A l'inverse, quels sont les pièges à éviter avec ce type de dépenses ? 

On a déjà évoqué les écueils politiques inhérents à ce type de dépenses. Il importe tout d’abord d’améliorer les processus institutionnels qui contrôlent les dérives en mettant, par exemple, sous tutelle de la Cour des Comptes, les collectivités publiques qui auraient gaspillé l’argent public dans des ouvrages manifestement disproportionnés. Ensuite, il faut se garder de vouloir dépenser pour dépenser. Ce risque est réel avec les plans d’investissement qui fournissent des moyens de financement à moindre coût. Il en va des plans qui sous-tendent les levées d’épargne nationale comme du plan européen dit "Juncker". En effet, pour qu’un investissement en infrastructure crée un gain de compétitivité ou de bien-être, il faut deux conditions : premièrement, un besoin réel des acteurs économiques, et deuxièmement des compétences de fonctionnement et de maintenance qui en assurent la fonctionnalité. Il ne suffit pas de construire pour construire. Il est donc utile de rapprocher investisseurs privés et publics pour renforcer la contrainte de rentabilité, tout en gardant l’objectif d’utilité et la garantie publiques.
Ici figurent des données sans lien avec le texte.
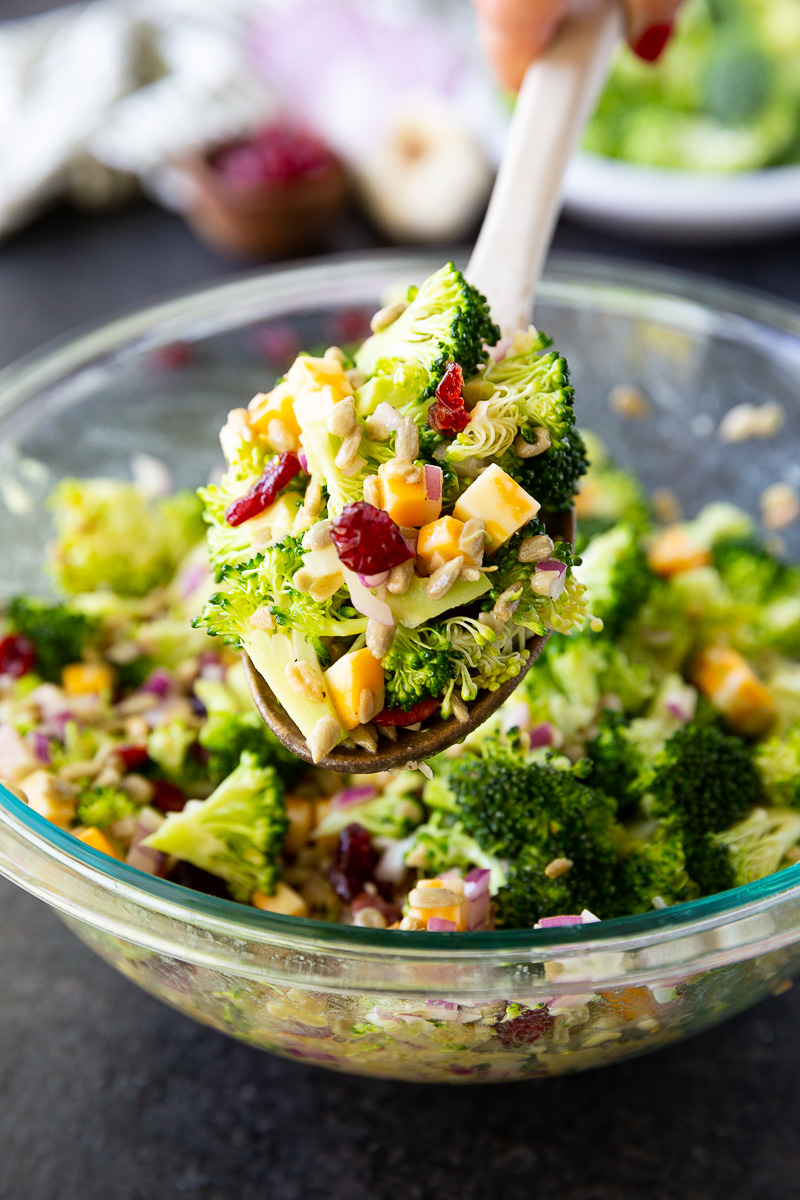 A vibrant bowl of broccoli salad featuring crisp florets, dried cranberries, sunflower seeds, red onion, and cheese cubes, all tossed in a tangy honey mustard dressing—fresh, colorful, and ready to serve.
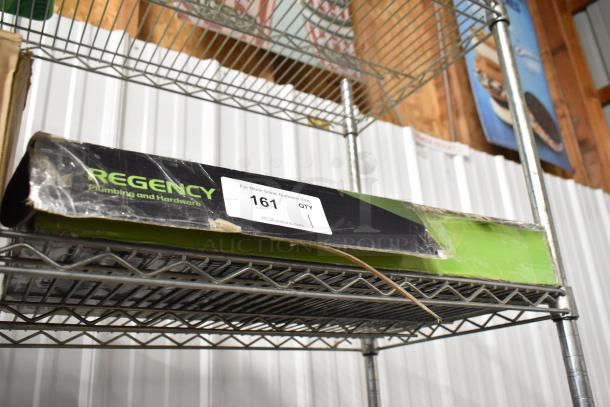 Regency plumbing and hardware boxed item on wire shelf, box slightly worn, auction label 161 from PCI Auctions.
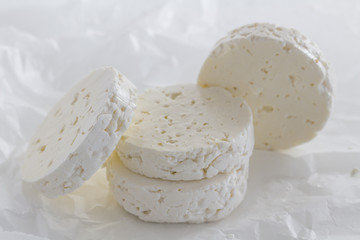 Feta cheese rounds close up on white parchment paper background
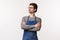 Waist-up portrait of serious-looking determined male restaurant manager looking at employees, control work, cross hands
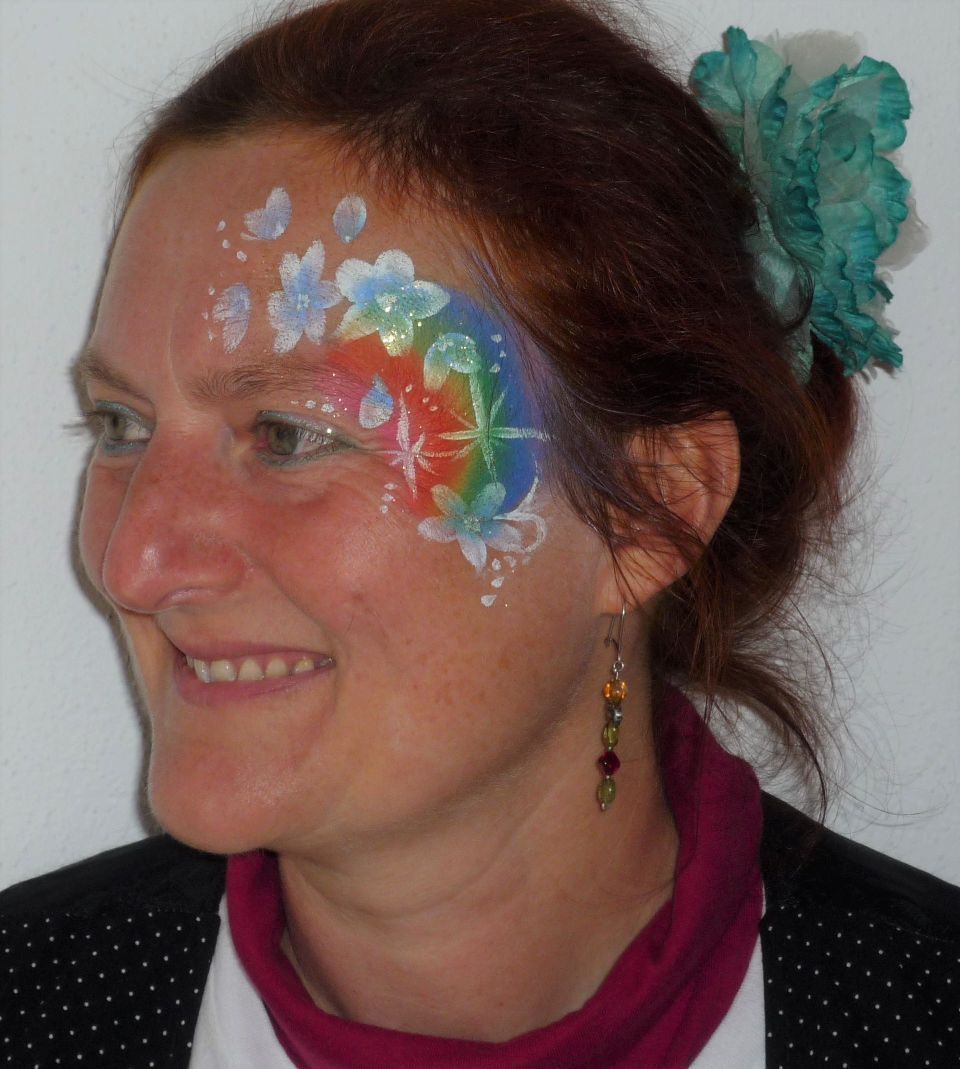 Eine Frau mit einem Regenbogen auf dem Gesicht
Enfin, il est opportun d’envisager nombre de ces investissements dans une logique européenne : logique de standards pour ce qui concerne les moyens de communication par exemple (internet, mais aussi voitures électriques ou sans conducteur), logique d’échelle pour les investissements très coûteux (on répartit les coûts sur un plus grand marché), logique énergétique pour ce qui concerne les investissements dans les "utilities" afin de prendre en compte la mutualisation de l’approvisionnement, et les questions d’environnement.

Plus généralement, les investissements d’infrastructure s’inscrivent dans des projets de long terme très couteux et demandent concertation, consultation, expertise et réflexion ; les pays les plus performants en la matière sont ceux dont la qualité de la gouvernance politique s’associe à un système fiscal performant (rendement élevé et acceptabilité sociale).